I'm a manifold guy myself but this is an excellent demonstration of belt balancing! Well done!
I see many problems with the "back loop" on a load balancer.
1) If you don't limit your primary input at (conveyor line item/min max - 1/6 of conveyor line item/min max), it will not work. Example : if you input 101 instead of 100. The system will jam at one moment and the back loop will stop having a function of balancing the load.
2) Your back loop need to feed the 1/6 of items at the same speed as the input conveyor belt at the merger otherwise the conveyor belt after the merger will not have a stable total item/min and when it fluctuates so will the load balancing
The only good 5 ways split requires much more parts than that and has no "back loop"
Let's say that it's a work around to make it function with less parts.
I'm guessing the values used in method 1 were to show a possible bottleneck issue, method 2 overcomes that. Anything within a load balancer assembly is always going to a be a fraction of the incoming based on its speed, so isn't a "problem".
Splitters give the option of splitting to 2 or 3, with combinations of splitters giving multiples of these. Using a loop back is the only way ratios involving prime numbers can be done because they have no factors other that themselves or 1.
@gamer61k3 infinity :D
YOUR MATH IS TEH VOODOO MAGICS UND EBILS!!!!!!!! 💩☠🤡
Hey, this got me to thinking about the merger on prime balancers.

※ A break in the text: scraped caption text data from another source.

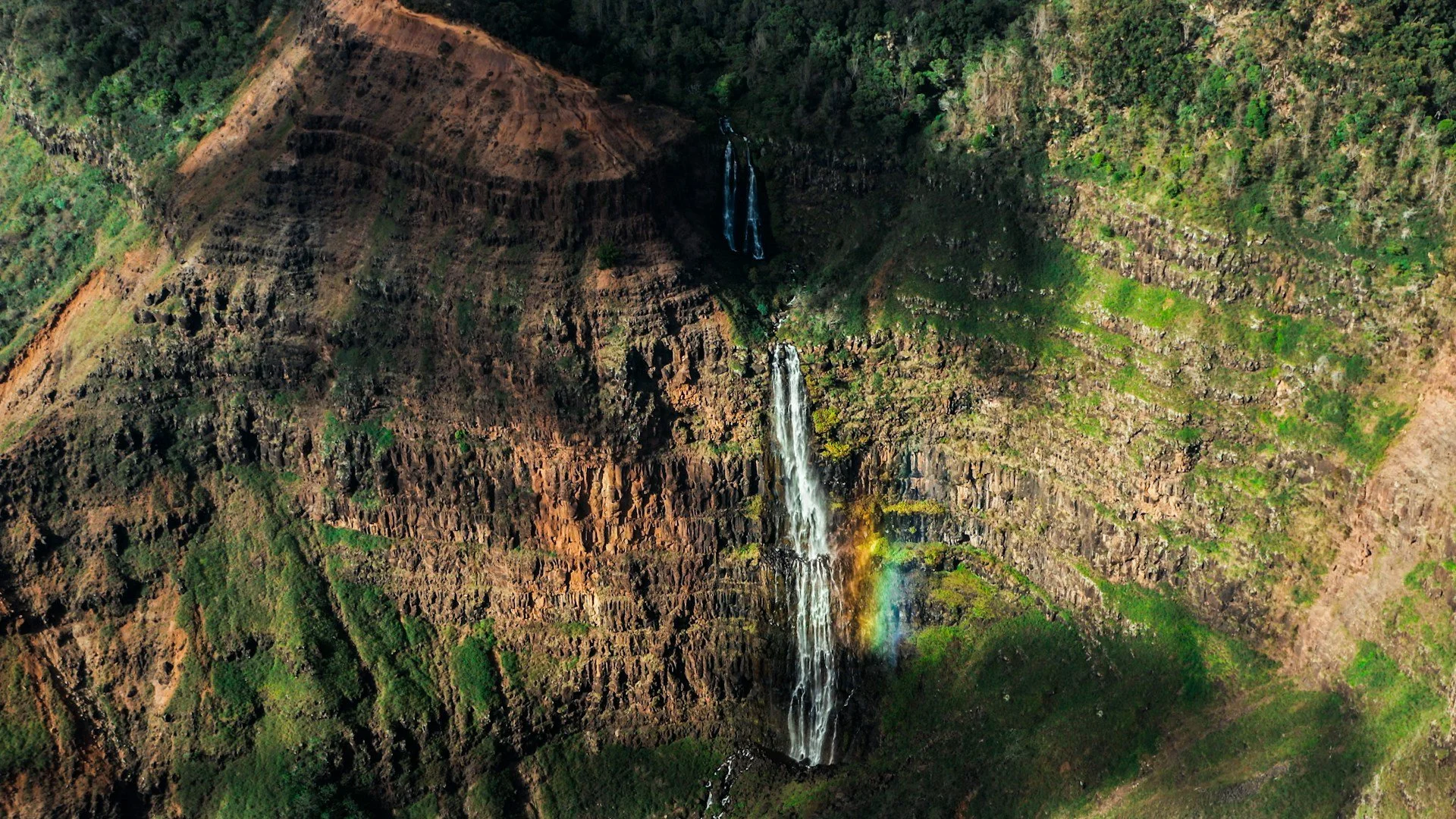 Waimea Valley waterfall in Oahu
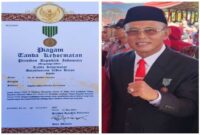 Bupati Ciamis Herdiat Sunarya terima penghargaan Satya Lencana Wira Karya dari Presiden Republik Indonesia, Joko Widodo.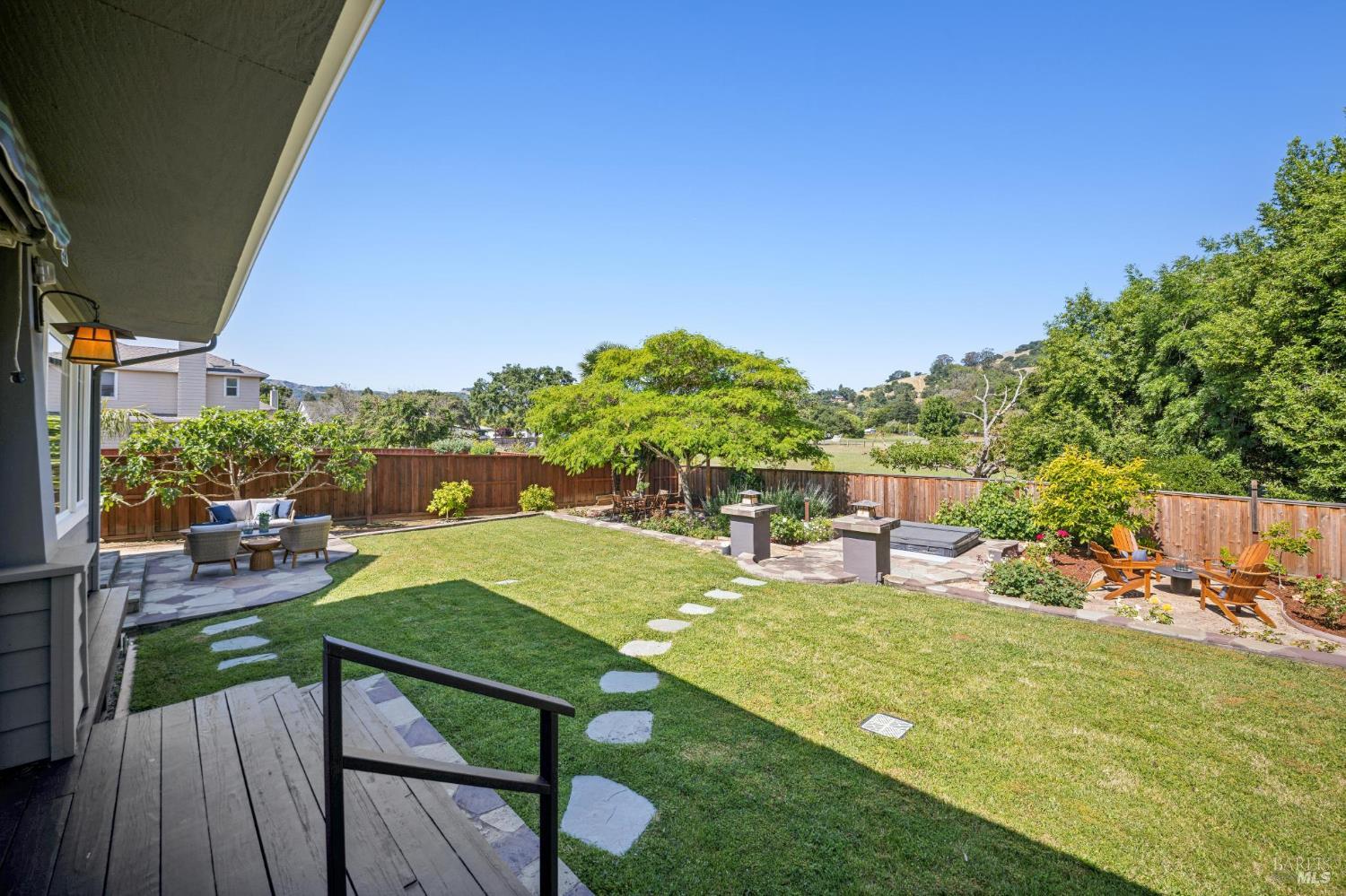 15 Thorsson Court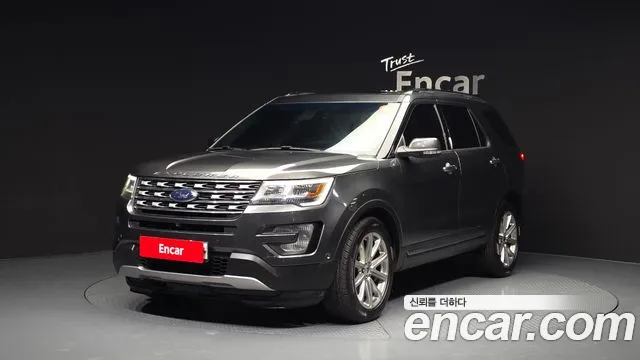 Ford Explorer 2017 — фото 1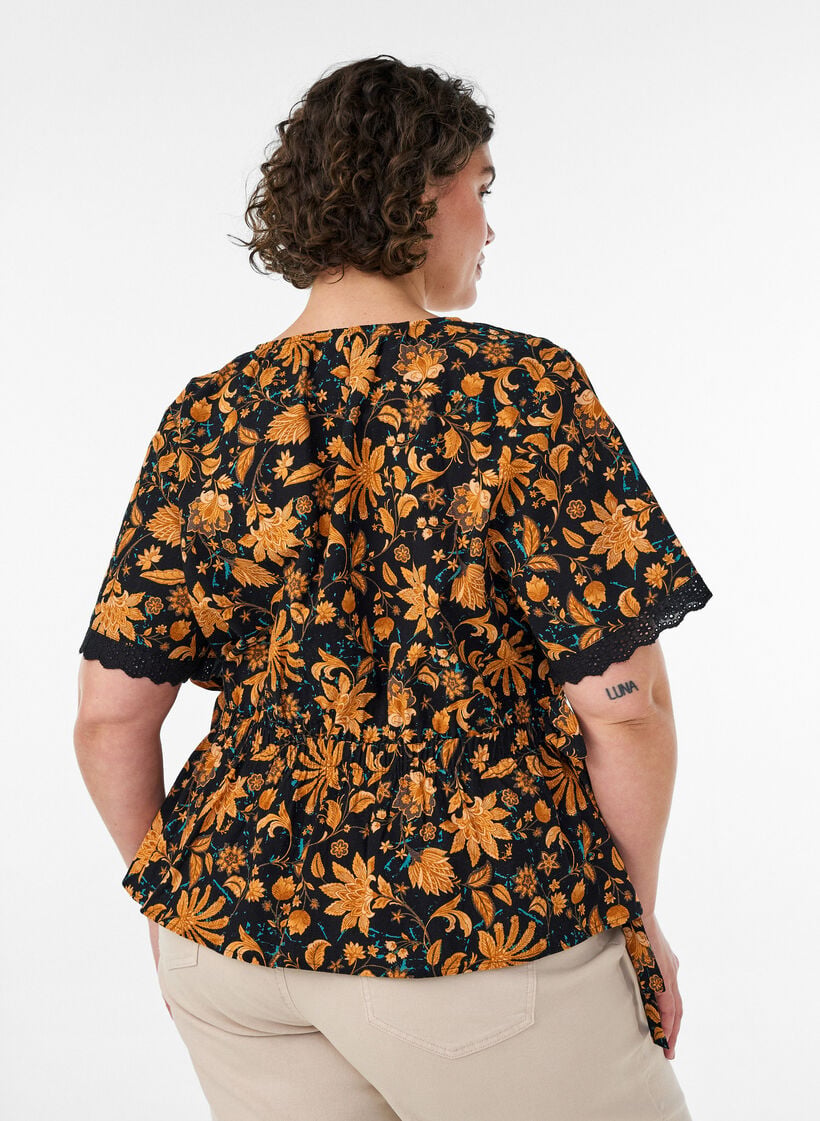Blommig blus i bomull med knytning, Orange, Model image number 2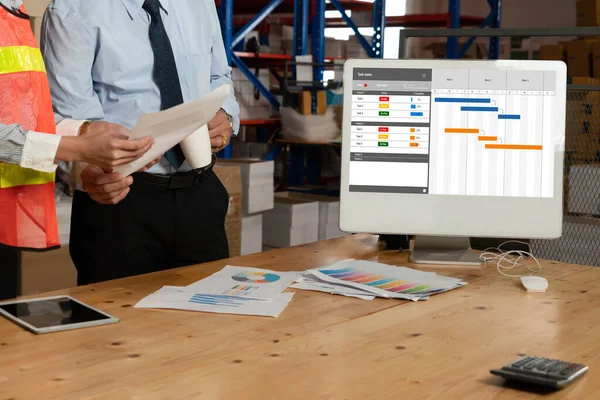 Ekip projesinin zaman çizelgesini gösteren bilgisayar ekranında, modern iş projesi yönetimi için proje planlama yazılımı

You have the odd out leg coming back to the input. Fine. But, if the input belt is at capacity, does the merger stagger the input for the odd out? Your iteration suggests that it does.
Would a next higher belt for a few meters just before the main input leaving a gap be better than the addition of another merger and splitter? Don't forget to show your work! 🎓👍😁
lol @ "Don't forget to show your work!"
Hahaha the voodoo of fractions!
Good question! I think if the incoming belt is at capacity then the next belt after the merger would have to be the next speed up. The second method would be the only way I know of to split a full 1200 belt.
It's a complete bollocks.
This splitter can only work at the very beginning of the game.

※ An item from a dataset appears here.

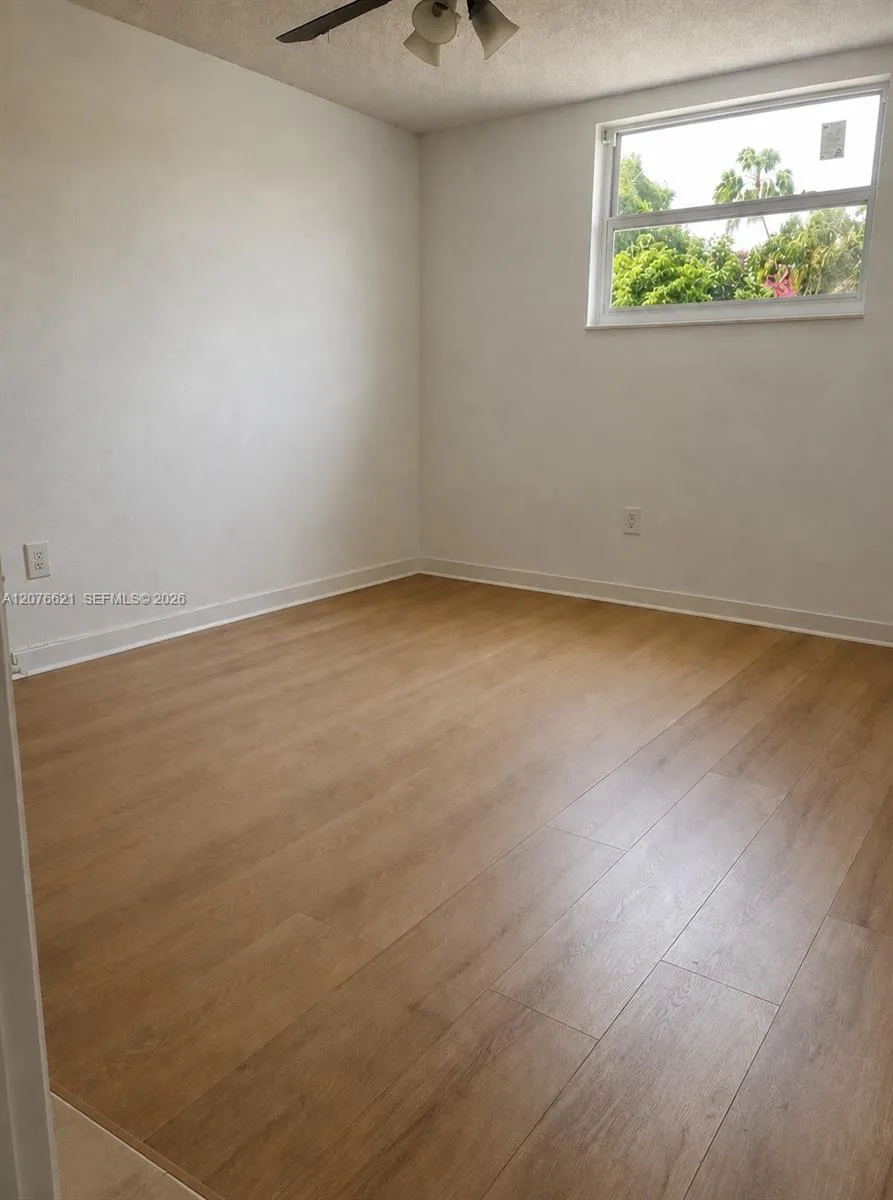 666 W 81st St #103 Hialeah, FL 33014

After 10-15 hours of play you will be feeding so much ore/details to one incoming branch that the return branch returning to the main branch will slow down your production or mining located on the main branch.
There are those of us who play the game to exercise extreme levels of efficiency. We play the game very differently from you. There's nothing wrong with the way we play the game. If there is something wrong with the way we play the game, there is something wrong with the way you play the game.
@Andrew_EfimOvich Did you watch the video? The return branch is only being returned to the incoming branch, it's not affecting anything further back.